Excerpt from Explaining Postmodernism: Skepticism and Socialism from Rousseau to Foucault (Expanded Edition), by Stephen Hicks (Ockham’s Razor, 2013). Reprinted with permission from the author.

Part I: Postmodernism’s Threats to Free Speech

From Additional Essay: Free Speech & Postmodernism

Egalitarianism

I sometimes have a fantasy that I will play one-on-one basketball with Michael Jordan. He comes by when I am shooting some hoops and I challenge him to a game. He accepts, and we get into the game. We even have a referee to make sure that there is no undue fouling and so forth.

But then an element of realism enters my fantasy. How would this game actually turn out? Well, we play according to the rules of basketball and Michael wins 100 to 3—one time before he got too close to me, I got a shot off and it happened to go in.

Now let’s ask an ethics question: Would that be a fair game? There are two completely different answers one could give, the leftist and egalitarian answer—versus the answer that you are probably thinking of. The first answer says that the game would be completely unfair because Stephen Hicks has no chance at all of winning against Michael Jordan. Michael Jordan is the best basketball player in the universe, and I am an occasional weekend player with an eight-inch vertical clearance when I jump. To make the game “fair,” this answer says, we would need to equalize the radical difference in abilities that are entering into competition here. That is the egalitarian answer to the question.

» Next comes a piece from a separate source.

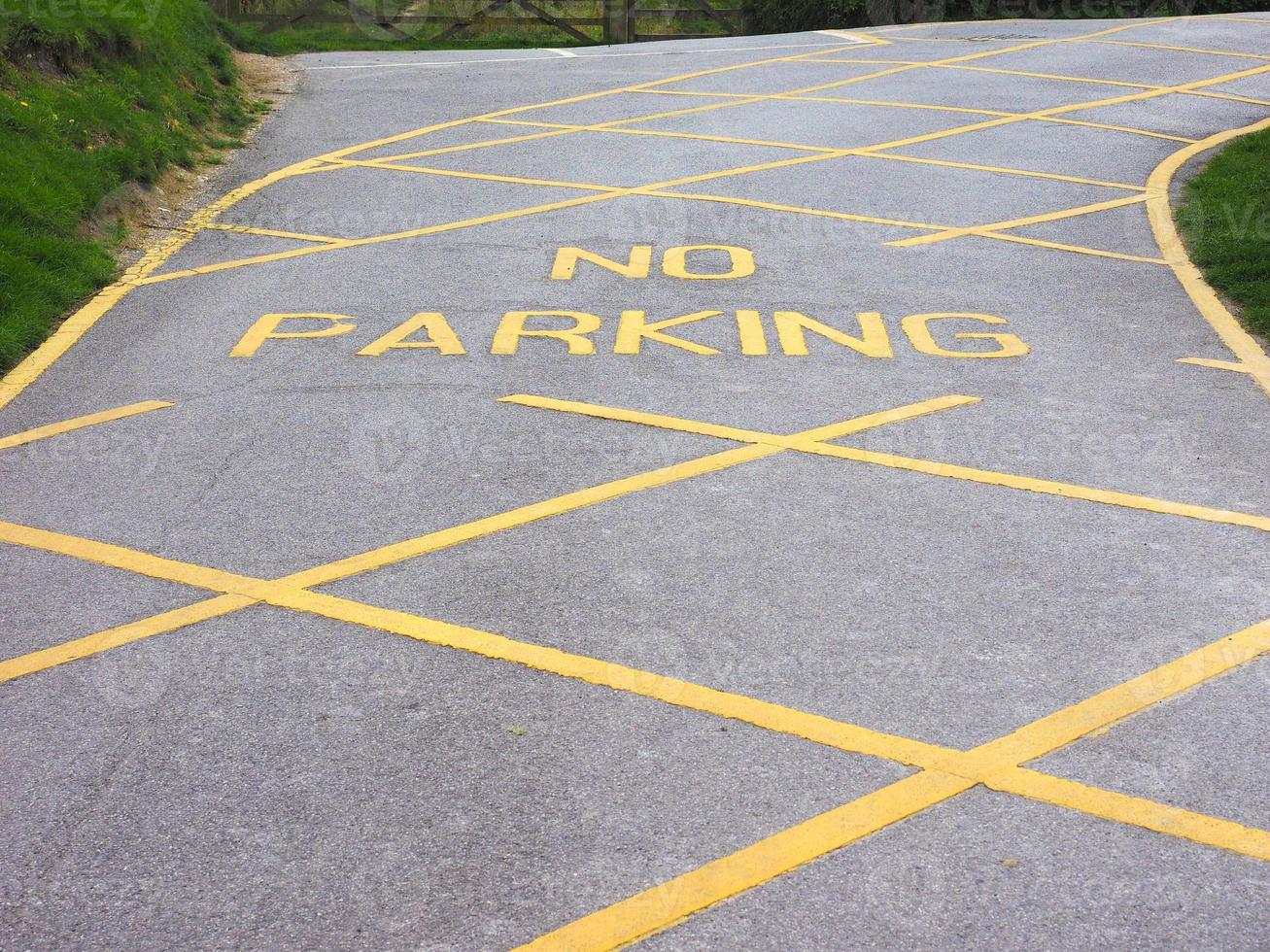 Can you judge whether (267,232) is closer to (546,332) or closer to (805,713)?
(546,332)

The other answer says it would be a perfectly fair game. Both Michael and I chose to play. When I challenged him, I knew who he is. Michael has worked hard to develop the skills that he has acquired. By contrast, I have worked less hard to acquire the lesser number of skills that I have. Also, we both know the rules of the game, and there is a referee who is impartially enforcing those rules. When the game was played, Michael shot the ball into the basket the number of times needed to earn his 100 points. He deserves the points. And I deserve my three points as well. So, Michael won the game fair and square—and if my goal is to win at basketball then I should seek out other people to play with. That is the liberal individualist answer to the question.

But if we are committed to the egalitarian notion of “fair,” then we are led to the notion that in any competition we must equalize all of the participants so that they have at least a chance of success. This is where the principle of altruism comes in. Altruism says that in order to equalize opportunities we must take from the strong and give to the weak; that is, we must engage in redistribution. What we can do, in the basketball case, is equalize by, say, not allowing Michael Jordan to use his right hand; or if it is a matter of jumping, by making him wear weights on his ankles so that his jumping and my jumping are equalized. That is the principle of sports handicapping, which is widely used, and it entails not letting someone employ an asset so that the little guy has a chance. The other possible strategy is to give me a 90-point head start. That is, we would not take anything away from Michael that he has earned, but rather it would give me something that I have not earned. Or of course we could employ both remedies simultaneously. So, there are three approaches. (1) We can try to equalize by preventing the stronger from using an asset or a skill that he has. (2) We can give the weaker an advantage that he has not earned. Or (3) we can do both.

There is a general pattern here. The egalitarian starts with the premise that it is not fair unless the parties who are competing are equal. Then, the egalitarian points out that some parties are stronger in some respect than others. Finally, the egalitarian seeks to redistribute in some way in order to make the parties equal or it seeks to prevent the stronger from using their greater assets.

Postmodern leftists apply all of this to speech and say something like the following: “Fair” means that all voices are heard equally. But some people have more speech than others, and some have more effective speech than others. So what we need to do, in order to equalize speech, is to limit the speech of the stronger parties in order to equalize or give more speech opportunities to the weaker parties. Or we need to do both. The parallel with affirmative action is clear.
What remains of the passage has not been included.